We spent some time on Hadrian’s Wall taking part in its’ illumination, commemorating the 1600th anniversary since the Romans left Britain. I wrote about it.
Like most of my reminiscences let me begin by saying… I cannot believe that it’s x number of years since we went to [insert location or event]!! Well, we helped Illuminate Hadrian’s Wall 13 years ago. Who knows where the time goes?
Unexpectedly all the photos had disappeared from my original post, which was written with a much older version of WordPress. 13 years older in fact. The photos came from a Sony or LG phone and aren’t the best quality but have bags of atmosphere!
So here it is again, updated and re-presented because I like my writing style in this piece. All those PG Wodehouse books I read many years ago were not a complete waste of my time. Yoast tells me some of the sentences are too long… my bad.
I still harbour dreams of a walk along the Wall, although it becomes more unlikely with every passing year. The full length of the course of Hadrian’s Wall is about 85 miles. I think I’d need about 4 weeks currently, to complete it … 4 weeks or 28 days less a day a week off walking, leaves 24 days at 3.5 miles a day. Eminently do-able, even with my knees!
I hope you enjoy reading this.
Adrian, May 2022
Black and white tv

From out of the ether of a childhood long ago, the white iconography of the ATV symbol swirls through the mists of time. It shimmers out of the darkness into the glimmer from an old black and white TV set, in the corner of a living room, somewhere in the West Midlands.
On that set, in between Joe 90, Stingray, and Thunderbirds, the adverts boomed out metronomically, every 15 minutes, intoning the wonders of the age… “Stork, you won’t believe it’s not butter”, “Esso blue!”, and most strangely of all, “Hadrian, Hadrian the deep gloss paint! For a really professional finish, use Hadrian!”
Of all the hundreds of hours of adverts I watched as a child, plonked down in front of the TV set, it’s that deep gloss paint I remember the most. Is it any wonder, named as I am after the great Emperor himself? Well at least my parents had the forethought to remove the H from my name. In 1950’s England the full title may have caused more of a stir than any small boy could handle.
In my 50s, news of the exhibition at the British Museum brought the luminosity of the Deep Gloss Paint to mind, and inspired a trip to London to see the mementos and stories of my great forebear

Emperor Hadrian
Of course it’s a story of epic proportions, as you well know. There are great deeds, massive architecture, amazing mausoleums, and a few things of a less than savoury nature. The one thing we remember most about Hadrian, is not his 6 year long affair with the boy Antinous, but the 73 mile long Wall he commissioned and had built, across Northern England to keep the Picts out of the Empire.

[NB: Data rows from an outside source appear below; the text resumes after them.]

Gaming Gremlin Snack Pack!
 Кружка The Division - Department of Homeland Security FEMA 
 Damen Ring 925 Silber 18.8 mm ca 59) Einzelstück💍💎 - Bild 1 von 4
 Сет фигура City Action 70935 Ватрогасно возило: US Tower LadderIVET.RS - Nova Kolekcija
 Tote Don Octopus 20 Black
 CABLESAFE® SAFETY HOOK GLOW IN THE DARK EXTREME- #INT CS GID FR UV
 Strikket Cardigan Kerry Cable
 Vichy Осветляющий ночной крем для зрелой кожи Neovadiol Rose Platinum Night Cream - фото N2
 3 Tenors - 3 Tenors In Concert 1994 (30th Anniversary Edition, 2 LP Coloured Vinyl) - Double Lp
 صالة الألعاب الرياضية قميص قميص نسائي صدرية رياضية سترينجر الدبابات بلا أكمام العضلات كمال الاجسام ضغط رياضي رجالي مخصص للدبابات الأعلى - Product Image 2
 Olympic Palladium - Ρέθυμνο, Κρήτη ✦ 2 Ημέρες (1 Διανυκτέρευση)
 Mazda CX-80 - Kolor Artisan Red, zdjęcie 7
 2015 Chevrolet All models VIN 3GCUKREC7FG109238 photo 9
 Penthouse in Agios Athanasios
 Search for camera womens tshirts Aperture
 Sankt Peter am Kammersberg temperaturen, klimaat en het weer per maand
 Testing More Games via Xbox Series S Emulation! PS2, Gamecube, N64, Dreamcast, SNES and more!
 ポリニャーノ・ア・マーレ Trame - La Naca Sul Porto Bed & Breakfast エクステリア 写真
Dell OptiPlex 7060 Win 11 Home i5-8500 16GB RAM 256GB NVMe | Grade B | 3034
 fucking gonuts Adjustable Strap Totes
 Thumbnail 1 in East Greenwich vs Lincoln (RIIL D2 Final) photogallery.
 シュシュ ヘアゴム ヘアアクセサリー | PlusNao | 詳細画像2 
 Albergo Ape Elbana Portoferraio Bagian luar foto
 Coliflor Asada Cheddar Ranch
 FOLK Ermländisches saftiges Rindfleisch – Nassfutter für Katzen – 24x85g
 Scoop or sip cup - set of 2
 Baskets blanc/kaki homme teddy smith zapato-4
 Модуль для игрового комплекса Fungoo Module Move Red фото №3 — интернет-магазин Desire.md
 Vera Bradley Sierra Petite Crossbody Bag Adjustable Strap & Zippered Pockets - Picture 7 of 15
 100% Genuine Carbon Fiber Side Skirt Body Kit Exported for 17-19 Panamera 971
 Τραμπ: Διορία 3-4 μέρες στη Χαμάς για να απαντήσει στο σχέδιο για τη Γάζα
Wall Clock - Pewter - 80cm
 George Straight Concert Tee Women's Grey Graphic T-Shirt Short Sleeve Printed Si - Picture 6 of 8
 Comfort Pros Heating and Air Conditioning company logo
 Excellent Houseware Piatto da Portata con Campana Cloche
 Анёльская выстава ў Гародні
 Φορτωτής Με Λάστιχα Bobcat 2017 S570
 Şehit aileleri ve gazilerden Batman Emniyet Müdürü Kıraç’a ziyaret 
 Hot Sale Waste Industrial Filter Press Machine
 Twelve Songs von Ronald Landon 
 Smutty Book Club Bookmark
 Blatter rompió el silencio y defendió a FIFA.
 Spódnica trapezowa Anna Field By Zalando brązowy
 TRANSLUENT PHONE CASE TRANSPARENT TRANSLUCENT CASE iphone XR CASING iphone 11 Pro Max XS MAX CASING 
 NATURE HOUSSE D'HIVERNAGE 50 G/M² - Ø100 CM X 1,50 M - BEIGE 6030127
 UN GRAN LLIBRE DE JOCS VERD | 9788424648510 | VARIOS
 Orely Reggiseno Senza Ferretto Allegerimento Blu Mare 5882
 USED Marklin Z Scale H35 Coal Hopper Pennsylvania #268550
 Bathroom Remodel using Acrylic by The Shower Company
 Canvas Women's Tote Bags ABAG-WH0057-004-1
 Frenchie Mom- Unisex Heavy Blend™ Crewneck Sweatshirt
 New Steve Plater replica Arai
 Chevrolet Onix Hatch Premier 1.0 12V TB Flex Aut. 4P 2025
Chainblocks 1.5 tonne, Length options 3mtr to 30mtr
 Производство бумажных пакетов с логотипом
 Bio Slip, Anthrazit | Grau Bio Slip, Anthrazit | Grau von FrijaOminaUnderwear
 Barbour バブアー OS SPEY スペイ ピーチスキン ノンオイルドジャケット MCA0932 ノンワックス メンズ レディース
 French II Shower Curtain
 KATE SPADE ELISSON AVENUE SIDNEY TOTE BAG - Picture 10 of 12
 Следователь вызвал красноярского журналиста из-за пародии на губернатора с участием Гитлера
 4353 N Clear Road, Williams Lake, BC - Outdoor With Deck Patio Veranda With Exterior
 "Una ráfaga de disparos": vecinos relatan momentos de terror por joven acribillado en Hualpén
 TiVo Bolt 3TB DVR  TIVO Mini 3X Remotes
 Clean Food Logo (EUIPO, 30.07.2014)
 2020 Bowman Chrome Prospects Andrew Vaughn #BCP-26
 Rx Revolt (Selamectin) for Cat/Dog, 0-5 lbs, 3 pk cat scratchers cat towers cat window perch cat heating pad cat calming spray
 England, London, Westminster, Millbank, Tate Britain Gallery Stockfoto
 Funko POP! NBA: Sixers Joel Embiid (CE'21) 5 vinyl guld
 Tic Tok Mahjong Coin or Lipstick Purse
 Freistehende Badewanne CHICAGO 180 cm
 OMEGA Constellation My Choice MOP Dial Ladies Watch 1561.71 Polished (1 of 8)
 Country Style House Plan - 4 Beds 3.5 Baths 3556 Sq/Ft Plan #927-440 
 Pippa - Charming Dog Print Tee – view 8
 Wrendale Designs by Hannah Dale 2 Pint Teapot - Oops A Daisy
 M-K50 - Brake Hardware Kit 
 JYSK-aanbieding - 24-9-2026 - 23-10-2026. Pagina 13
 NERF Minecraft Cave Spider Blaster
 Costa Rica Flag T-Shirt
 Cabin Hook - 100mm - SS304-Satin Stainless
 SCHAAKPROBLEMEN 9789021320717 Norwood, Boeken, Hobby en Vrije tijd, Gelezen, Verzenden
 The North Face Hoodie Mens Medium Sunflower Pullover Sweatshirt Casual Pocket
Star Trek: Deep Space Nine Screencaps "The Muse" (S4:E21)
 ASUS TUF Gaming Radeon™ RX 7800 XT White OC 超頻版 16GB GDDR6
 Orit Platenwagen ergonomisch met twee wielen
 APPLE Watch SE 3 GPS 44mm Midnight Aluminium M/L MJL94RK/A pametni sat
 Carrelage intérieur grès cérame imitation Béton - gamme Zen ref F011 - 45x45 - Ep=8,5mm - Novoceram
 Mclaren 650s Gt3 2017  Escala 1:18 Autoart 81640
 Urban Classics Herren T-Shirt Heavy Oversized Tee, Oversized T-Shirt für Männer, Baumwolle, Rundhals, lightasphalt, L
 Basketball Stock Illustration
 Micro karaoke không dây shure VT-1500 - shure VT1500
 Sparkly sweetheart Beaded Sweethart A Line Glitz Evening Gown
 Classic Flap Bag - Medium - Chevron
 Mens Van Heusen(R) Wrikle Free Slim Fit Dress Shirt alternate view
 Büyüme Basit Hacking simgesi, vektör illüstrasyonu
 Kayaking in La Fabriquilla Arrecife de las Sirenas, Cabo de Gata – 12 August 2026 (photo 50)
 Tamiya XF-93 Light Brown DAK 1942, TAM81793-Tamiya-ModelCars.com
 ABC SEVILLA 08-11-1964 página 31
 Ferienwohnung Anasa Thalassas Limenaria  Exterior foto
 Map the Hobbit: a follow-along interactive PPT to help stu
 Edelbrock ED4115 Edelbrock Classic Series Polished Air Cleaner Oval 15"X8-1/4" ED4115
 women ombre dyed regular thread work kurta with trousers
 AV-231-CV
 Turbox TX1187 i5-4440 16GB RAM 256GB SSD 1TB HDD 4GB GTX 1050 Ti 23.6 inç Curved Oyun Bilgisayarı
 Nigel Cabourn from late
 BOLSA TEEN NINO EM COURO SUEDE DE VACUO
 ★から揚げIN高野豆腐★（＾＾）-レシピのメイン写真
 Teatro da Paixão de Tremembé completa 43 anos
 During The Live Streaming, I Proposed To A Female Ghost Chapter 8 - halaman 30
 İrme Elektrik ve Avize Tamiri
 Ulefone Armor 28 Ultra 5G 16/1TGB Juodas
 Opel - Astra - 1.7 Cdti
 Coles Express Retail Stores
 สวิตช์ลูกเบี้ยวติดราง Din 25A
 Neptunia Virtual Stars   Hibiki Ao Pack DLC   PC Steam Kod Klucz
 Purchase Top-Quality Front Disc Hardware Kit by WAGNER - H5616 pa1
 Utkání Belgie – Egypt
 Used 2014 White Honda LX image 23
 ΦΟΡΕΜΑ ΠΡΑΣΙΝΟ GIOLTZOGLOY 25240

Today, there’s not much of the Wall left standing, but its course from Solway-on-Firth on the West coast to Wallsend in the East, has been fully charted. A National Trail exists, heavily subscribed to by armies of walkers, keen to tread those same centurion footsteps.
Walking the Wall
For no sensible reason, I decided that this year would be the one that I made physical acquaintance with the Wall, to walk its length, hopefully during a classic warm, but not too wet, British summer. The plan is to walk the Wall over several days, bed and breakfasting, and in the occasional inn (as long as it has its own micro-brewery). I haven’t let go of the dream yet, but it is a massive “ask”, given my current level of activity.
Marion’s been press-ganged into my very small army as well. She is after all a great support, and totes a little sports bag on these occasions marked ‘Wilson Staff’.
It was no great surprise when, inspired by this much trumpeted great enterprise of ‘the walk’, that my long suffering wife brought to my attention the plan to Illuminate Hadrian’s Wall. What better way to celebrate the 1600th anniversary of the Roman’s final exit from Britain in AD410. It turned out that Hadrian’s Wall Heritage Ltd. intended to recruit volunteers to light up the Northern sky with 500 points of light in the form of gas burners, marine flares and the occasional ceremonial Roman Candle. And we had signed us up for this enterprise! What a fitting beginning to the year, thought I.
To Lanercost
On a cool morning on 13th March 2010 we filled the car with the 21st century equivalent of the sorts of provisions that had kept the Roman armies marching across Europe, and set off for our muster point, a couple of hours up and off the M6, at Lanercost Priory.

The Priory was founded about 1166 by Henry II. The nave is now used as a Parish Church, and the remainder is ruins in the care of English Heritage, the blurb says.
It turned out there was an awful lot of mustering involved on the day. 1200 people were corralled and trained to carry out the art of incendiaries by team leaders all along the Wall.
“That will be £5 please” said the callow youth to me at the car window, as I wheeled the family chariot into the serried ranks at the Priory.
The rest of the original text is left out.